*** THE RECORDS

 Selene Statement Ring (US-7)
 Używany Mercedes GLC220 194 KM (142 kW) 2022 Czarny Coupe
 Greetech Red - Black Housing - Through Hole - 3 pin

******
*** THE RECORDS

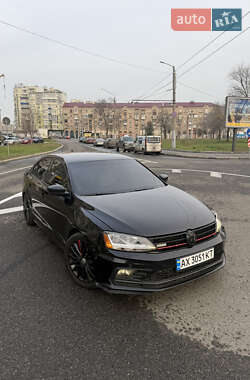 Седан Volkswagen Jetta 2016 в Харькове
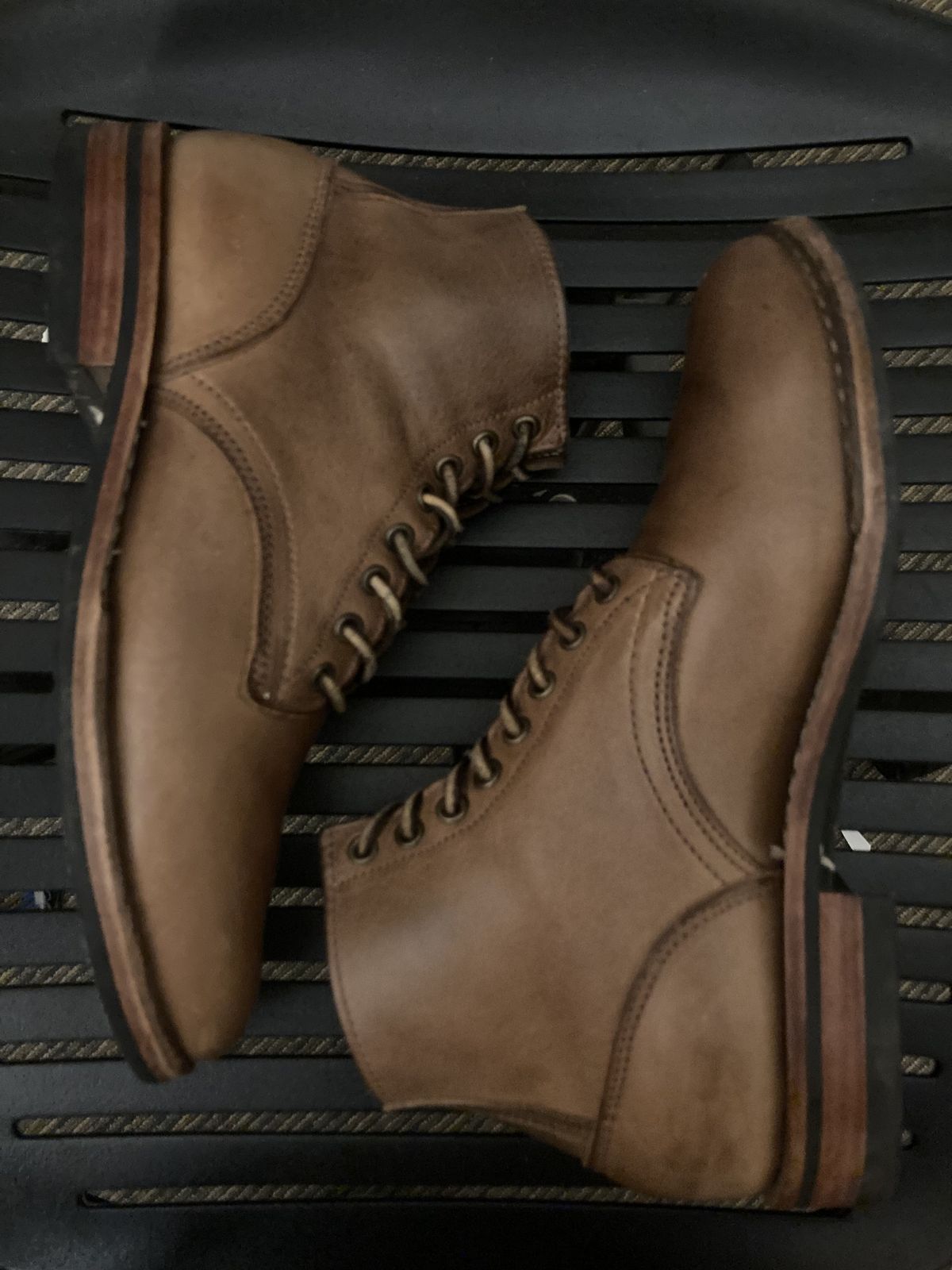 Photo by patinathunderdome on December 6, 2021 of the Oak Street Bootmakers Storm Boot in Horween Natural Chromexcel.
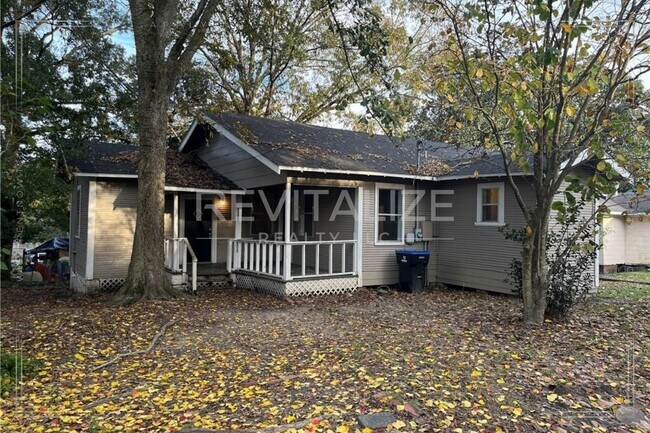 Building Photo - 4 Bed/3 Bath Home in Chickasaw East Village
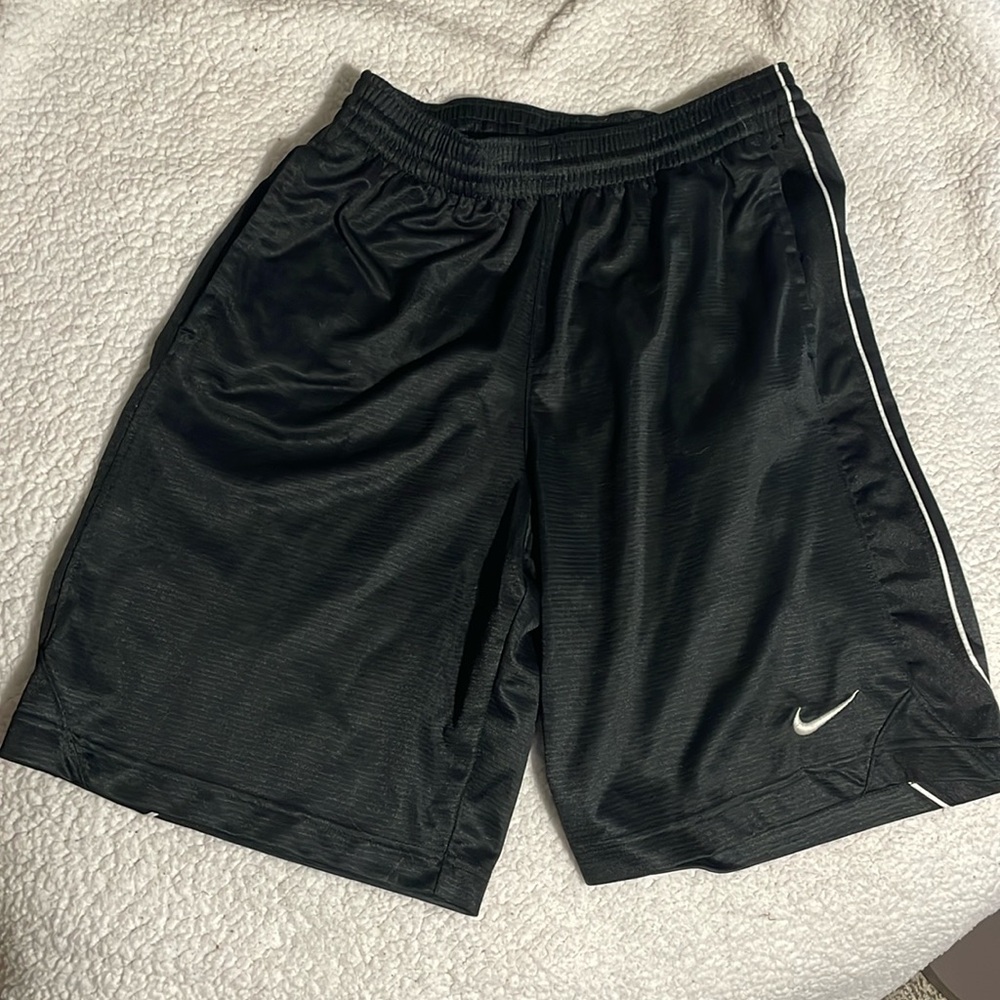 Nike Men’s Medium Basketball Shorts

******

- **HOW TO COMPLETE THIS TASK**
What is needed is an exact copy of the lines above, from the one containing "Selene Statement Ring (US-7)" through the one containing "Greetech Red - Black", with nothing added.

- **ANSWER SECTION**
 Selene Statement Ring (US-7)
 Używany Mercedes GLC220 194 KM (142 kW) 2022 Czarny Coupe
 Greetech Red - Black Housing - Through Hole - 3 pin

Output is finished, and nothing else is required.